[Data extracts — start]

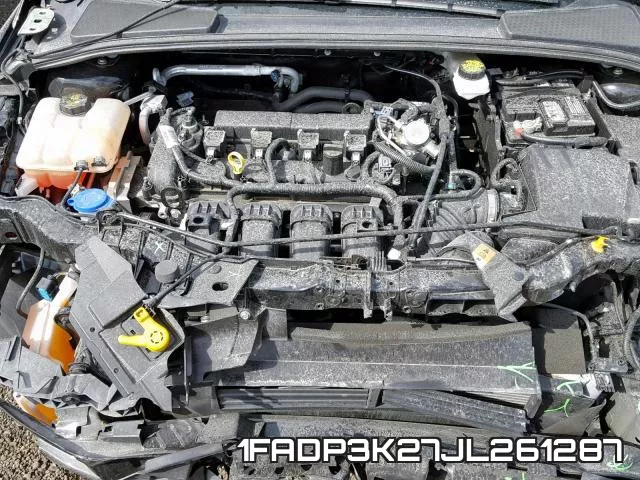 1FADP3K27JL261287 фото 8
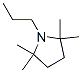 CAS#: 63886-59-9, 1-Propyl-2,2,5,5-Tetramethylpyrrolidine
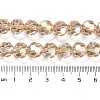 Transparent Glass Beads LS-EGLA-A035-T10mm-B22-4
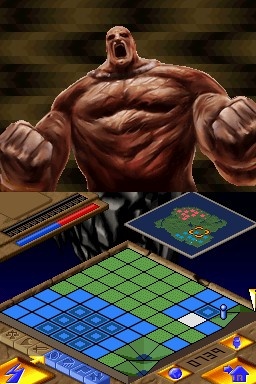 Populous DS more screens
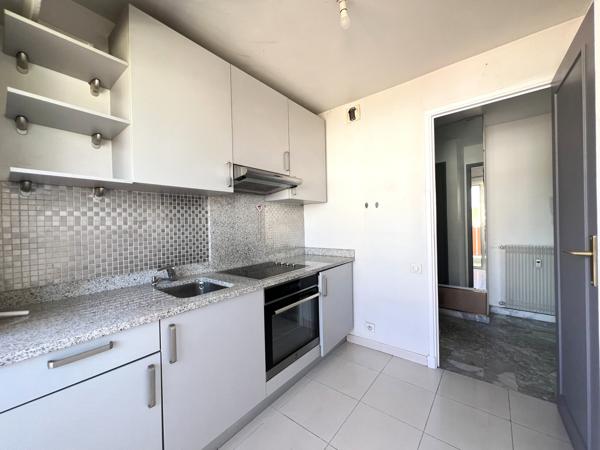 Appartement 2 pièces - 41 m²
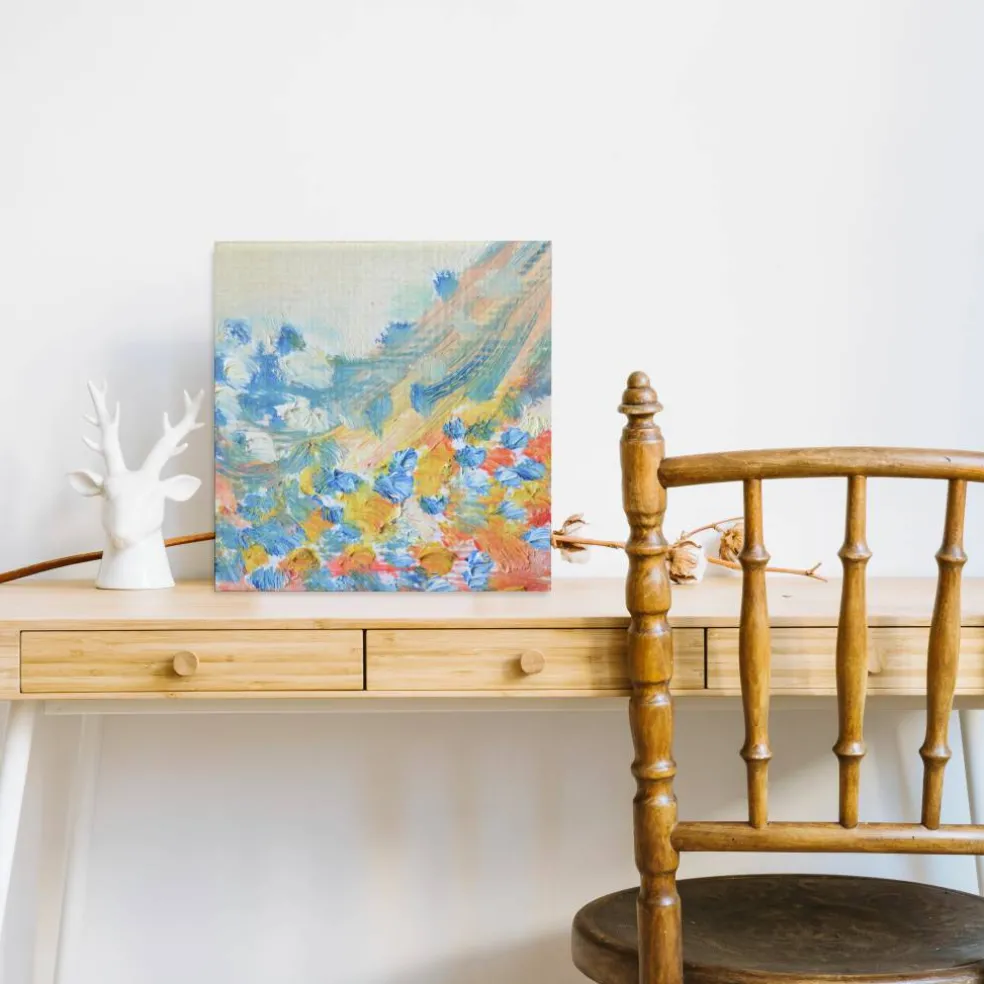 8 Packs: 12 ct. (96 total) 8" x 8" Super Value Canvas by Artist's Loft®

[Data extracts — finish]

Description of the task: Reproduce exactly, and only, the lines from the one with "Transparent Glass Beads" to the final line of the listing above; the pictures are to be left out.

Written response:
 Transparent Glass Beads LS-EGLA-A035-T10mm-B22-4
 Populous DS more screens
 Appartement 2 pièces - 41 m²
 8 Packs: 12 ct. (96 total) 8" x 8" Super Value Canvas by Artist's Loft®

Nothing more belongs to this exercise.